Originally posted at Colorado Peak Politics. Re-posted here with permission.
By Ben DeGrow
With the anticipated Democrat-imposed demise of House Bill 1333, which would have given Colorado teachers monthly discretion to opt in or out of a union, the legislation’s biggest opponent — the Colorado Education Association — won a temporary victory. Currently, educators in many districts have as little as 2 weeks during a busy time of the year in which they have to visit the union office or union rep to revoke their membership. The only argument presented by CEA and its favored legislators to oppose HB 1333 was a bogus claim that giving teachers such freedom would undermine the “local control” of privately-negotiated collective bargaining agreements.
Seriously, folks? Clearly, union officials are uncomfortable talking about this issue and would love to make it go away quietly. While their hopes for widespread inattention may be dashed when it comes to this issue of teacher options, they maintain an advantage when it comes to incredible campaign finance reporting logic.
In a post last fall at Public Sector, Inc., I detailed the scheme. All CEA members make automatic contributions to the union’s state campaign warchest and have at least one annual refund opportunity through the “Every Member Option” program. Teachers filing the request before December 15 receive $39 in return.
Since these funds are filtered invisibly from individual educator paychecks up through the local union office, the trail of how fungible dollars reach CEA’s small donor committee is rather opaque. Under existing campaign finance law, individual contributions of $20 or more must be itemized in reports to the Secretary of State. Anything less is lumped into the “non-itemized” category. But how do you define an individual contribution from automatic payroll deductions of $3.25 (or less) apiece?
It’s how we get the clever fiction that the small donor committee (known as Public Education Committee) reports exactly $250,000.00 in “non-itemized” contributions on its most recent report. More than 99 percent of the committee’s revenues have been “non-itemized.” Not that this is a new development by any stretch, given some of their previously reported “non-itemized” contribution hauls:
“It’s amazing how we end up with so many perfectly round numbers in our non-itemized contributions. Wink, wink. Nudge, nudge. Non-itemized. Know what I mean?” … “I beg your pardon!” … “All those non-itemized contributions we deducted.” … “What are you saying, man? Come on out with it!” … “It’s a lot of cash. To fund campaigns, political campaigns.”

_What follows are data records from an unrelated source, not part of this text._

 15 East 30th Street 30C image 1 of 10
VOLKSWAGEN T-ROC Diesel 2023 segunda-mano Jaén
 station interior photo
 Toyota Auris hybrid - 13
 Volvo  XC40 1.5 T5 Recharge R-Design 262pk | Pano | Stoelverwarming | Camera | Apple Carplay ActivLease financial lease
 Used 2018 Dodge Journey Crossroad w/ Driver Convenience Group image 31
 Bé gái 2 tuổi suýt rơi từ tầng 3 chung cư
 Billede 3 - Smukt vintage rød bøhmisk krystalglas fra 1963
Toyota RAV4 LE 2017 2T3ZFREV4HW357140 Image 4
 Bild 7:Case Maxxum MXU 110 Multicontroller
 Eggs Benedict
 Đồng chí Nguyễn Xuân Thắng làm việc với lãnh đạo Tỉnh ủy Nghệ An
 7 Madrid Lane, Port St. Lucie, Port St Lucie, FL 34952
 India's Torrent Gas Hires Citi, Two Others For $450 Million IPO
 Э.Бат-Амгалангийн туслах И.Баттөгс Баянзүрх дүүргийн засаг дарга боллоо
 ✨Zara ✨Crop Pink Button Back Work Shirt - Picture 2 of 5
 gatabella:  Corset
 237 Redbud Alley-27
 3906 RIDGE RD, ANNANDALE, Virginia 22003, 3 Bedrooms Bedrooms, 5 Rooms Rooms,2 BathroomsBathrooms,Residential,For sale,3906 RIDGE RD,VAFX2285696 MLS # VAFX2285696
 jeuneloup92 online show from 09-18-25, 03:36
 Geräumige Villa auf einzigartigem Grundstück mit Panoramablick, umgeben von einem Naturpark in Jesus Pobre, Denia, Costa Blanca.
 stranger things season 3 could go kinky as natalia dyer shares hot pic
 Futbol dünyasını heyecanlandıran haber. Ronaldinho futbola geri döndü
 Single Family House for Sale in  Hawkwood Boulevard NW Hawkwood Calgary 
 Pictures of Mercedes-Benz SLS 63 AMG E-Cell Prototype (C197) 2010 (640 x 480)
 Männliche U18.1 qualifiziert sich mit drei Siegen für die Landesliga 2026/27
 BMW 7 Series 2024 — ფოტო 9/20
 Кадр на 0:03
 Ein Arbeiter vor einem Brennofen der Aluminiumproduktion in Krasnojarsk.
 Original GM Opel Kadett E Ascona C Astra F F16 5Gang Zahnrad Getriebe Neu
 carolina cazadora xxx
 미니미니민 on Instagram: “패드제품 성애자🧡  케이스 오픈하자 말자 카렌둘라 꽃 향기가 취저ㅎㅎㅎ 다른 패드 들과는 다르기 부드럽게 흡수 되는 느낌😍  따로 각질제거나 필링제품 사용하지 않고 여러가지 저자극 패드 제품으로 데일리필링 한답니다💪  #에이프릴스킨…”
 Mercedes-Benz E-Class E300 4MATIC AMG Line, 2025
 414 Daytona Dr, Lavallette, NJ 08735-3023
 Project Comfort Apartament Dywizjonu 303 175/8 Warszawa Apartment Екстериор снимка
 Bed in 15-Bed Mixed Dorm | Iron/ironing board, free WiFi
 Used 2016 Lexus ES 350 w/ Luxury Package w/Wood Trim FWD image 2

In one sense, yes. Nearly $600,000 now sits in the Public Education Committee account, which represents about half the cash on hand for 17 registered teachers union political committees. Compiled info on the last few election cycles give a strong hint where teachers union committees probably will direct these dollars. On the most recent report, the Public Education Committee’s only expenditure was $5,000 to their sister Wisconsin affiliate for “coalition work.” I wonder what that’s about.
In the end, no one disputes the rights of private organizations like the teachers union to raise and spend money on political speech under the same rules as everyone else. But it’s only reasonable to ask whether the current system might contain a loophole or two.
What other groups get the benefit of government systems to provide regular collections for their political activities? What other groups can report exactly $250,000.00 in “non-itemized” contributions with a straight face? But perhaps the biggest question that remains: Do we just have to live with it? Or can something be done any time soon to put the election process on a level playing field?